When I finally got over laughing at your incredibly funny response, I got to thinking seriously - the volume, density etc of fluid in the skull is well known together with the physical characteristics of the cranium, brain, etc. It would at the very least be revealing from either real or digital modeling to see what mechanical shock if any the fluid provides.
Exactly. What is not clear to me is whether the chronic traumatic encephalopathy (CTE) from football, boxing etc, is just from the repeated blows to the head or if actual repeated/severe concussions are required. Is there a threshold of head trauma that will not cause CTE or is it all just a matter of degree such that we get a small amount of CTE even with minor blows to the head, and it just accumulates.
Woodpeckers are super cool but whow can they be a menace.
There was one that would come knock my neighbors metal chimney years ago right at the crack of dawn. Poor guy could not sleep in. And the woodpecker kept coming back and doing it, presumably just to make a loud racket because there were no bugs obviously.
Another guy I know who was quite wealthy had a carved wooden lintel made for the top of his door. It was made in Mexico and quite intricate (and expensive). He proudly showed it to me over the door. A week later woodpeckers had ruined it.
There’s a great video by a different scientist that explains the importance of size, mass, and duration of deceleration very clearly. https://youtu.be/a87TTL_c8_0
They have a very long tongue that wraps around their brain. This article is stating that’s just to store the tongue and isn’t some sort of bumper for the brain.
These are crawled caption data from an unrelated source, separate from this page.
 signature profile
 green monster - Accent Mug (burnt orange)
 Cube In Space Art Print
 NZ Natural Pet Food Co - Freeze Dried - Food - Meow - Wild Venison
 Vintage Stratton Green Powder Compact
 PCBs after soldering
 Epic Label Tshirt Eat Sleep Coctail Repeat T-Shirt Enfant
Slightly incorrect - the researchers only looked at bone structure. This was an evaluation of a theory that woodpeckers had an energy dissipating section of bone that protected their brain. That would make for a safer brain, but a worse pecker.
The tongue may still have an effect, but a different study methodology would be needed in order to test that theory.
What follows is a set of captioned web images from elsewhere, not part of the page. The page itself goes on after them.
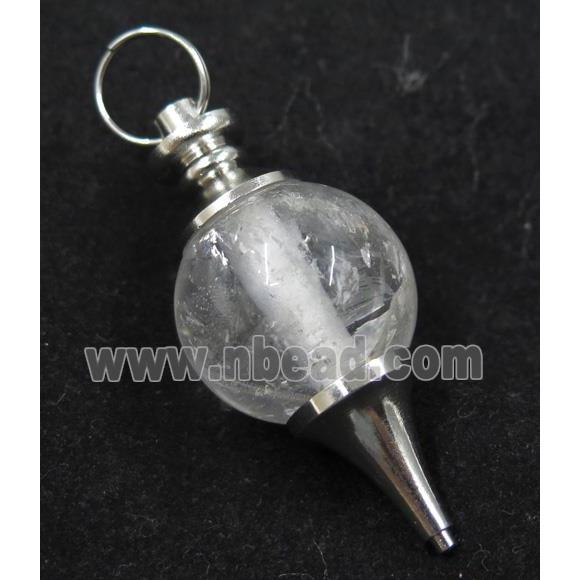 Clear Quartz Globe pendant, round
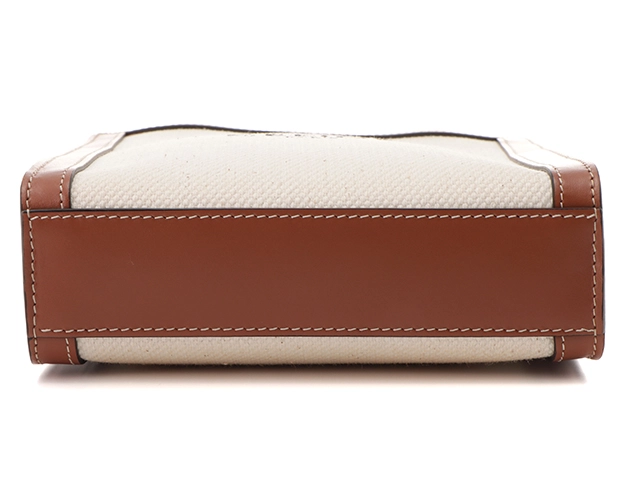 CELINE 　セリーヌ　ショルダーバッグ　 ミニ　バーティカルカバ　 ナチュラル・ブラウン 　キャンバス・カーフ 　193302  【472】HA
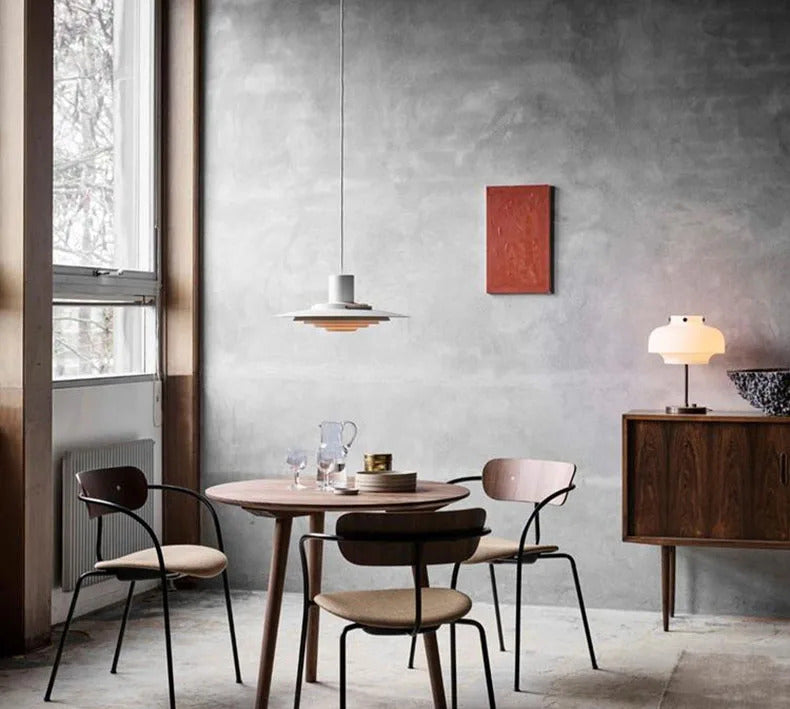 White Silver Aluminium E27 Pendant Lights Art Design For Dining Kitchen Bar Bedroom Cord Adjustable Hanglamp 110-220V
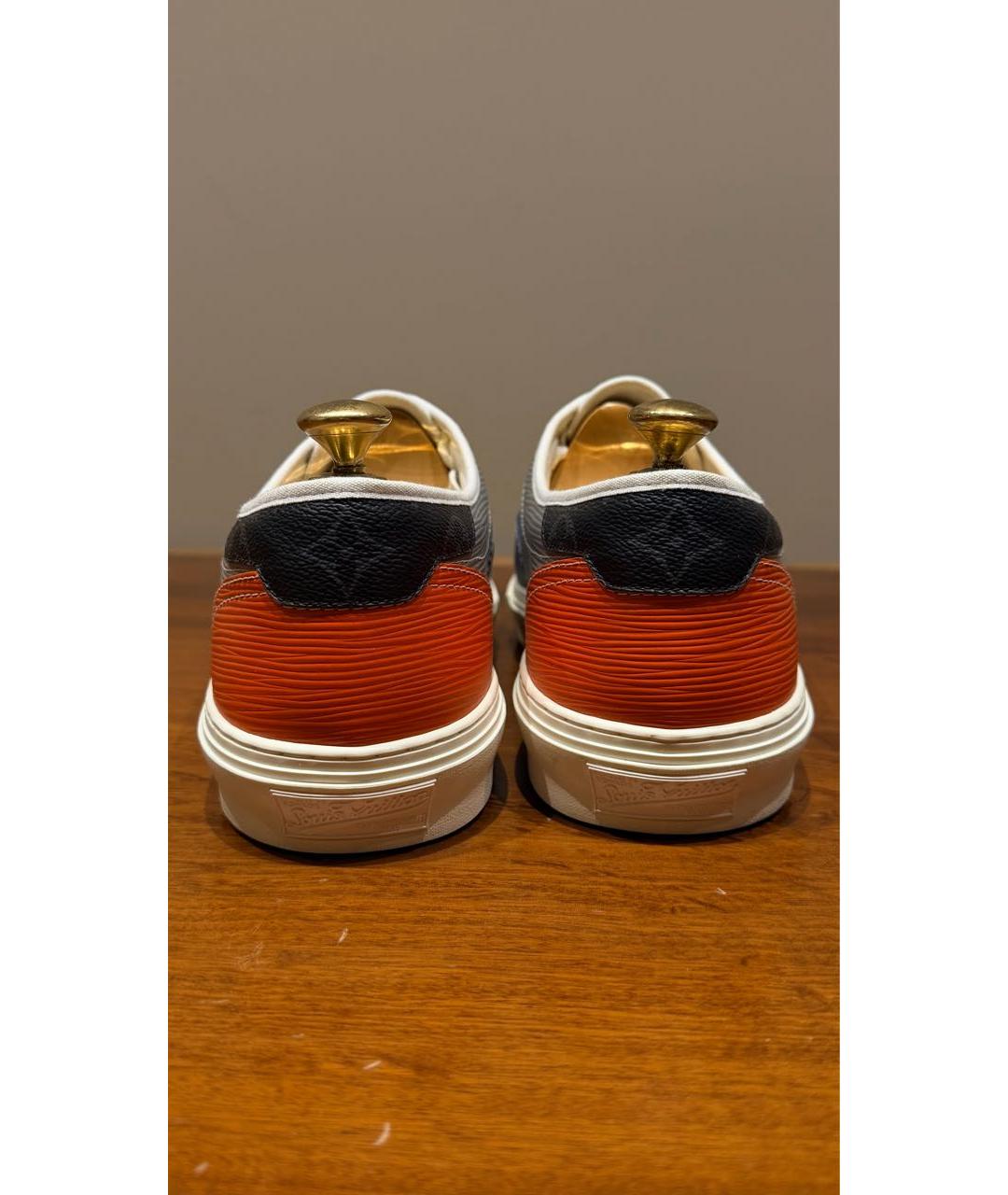 LOUIS VUITTON Кожаные низкие кроссовки / кеды, фото 4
Now I'm wondering how that's gonna work. De-tongue some woodpeckers and see if they get concussed? There's not any imaging that would work for this is there, where we could paint or inject their tongue with some dye and watch it flex inside their skull? that'd be a lovely video if it could be made.
Microsoft Edge on iPhone had the same response. A script that traps the browser so you can’t use the back button to display a scam ad making it look like I won a Samsung Galaxy S10.
So part of the misconception can be blamed on a connotation of a metaphor that doesn't apply. Very common in physics!